Brief descriptive captions:
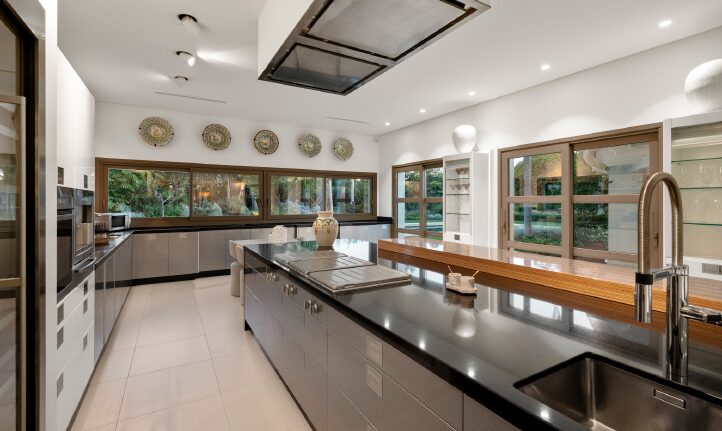 FOR SALE 🌟🏡 Single-Level Garden Villa in La Cerquilla🇪🇸 Nueva Andalucía, Marbella 🇪🇸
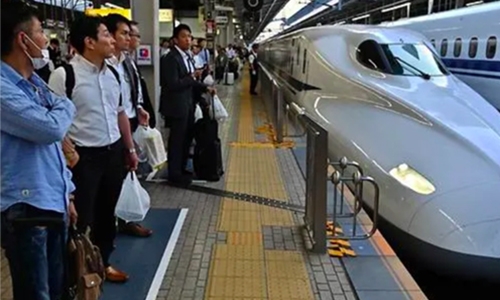  Japan bullet train runs with door open at 280 kph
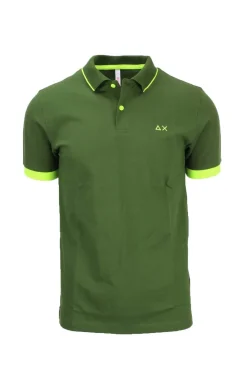 Polo mezza manica con profili fluo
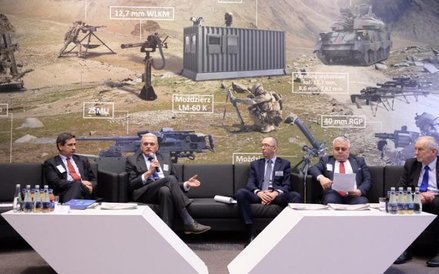 Tarnowskie zakłady to dla regionu ośrodek tworzenia technicznych elit, cennych miejsc pracy i istotn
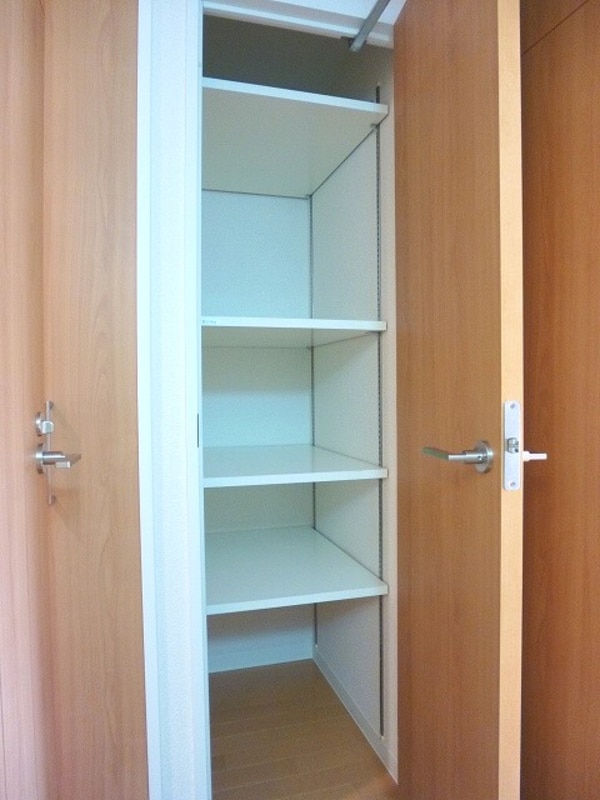 建物設備(玄関収納)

REQUIRED ACTION:
Your copy must hold every record above in its exact wording and must hold no pictures.

RESPONSE AREA:
 FOR SALE 🌟🏡 Single-Level Garden Villa in La Cerquilla🇪🇸 Nueva Andalucía, Marbella 🇪🇸
  Japan bullet train runs with door open at 280 kph
 Polo mezza manica con profili fluo
 Tarnowskie zakłady to dla regionu ośrodek tworzenia technicznych elit, cennych miejsc pracy i istotn
 建物設備(玄関収納)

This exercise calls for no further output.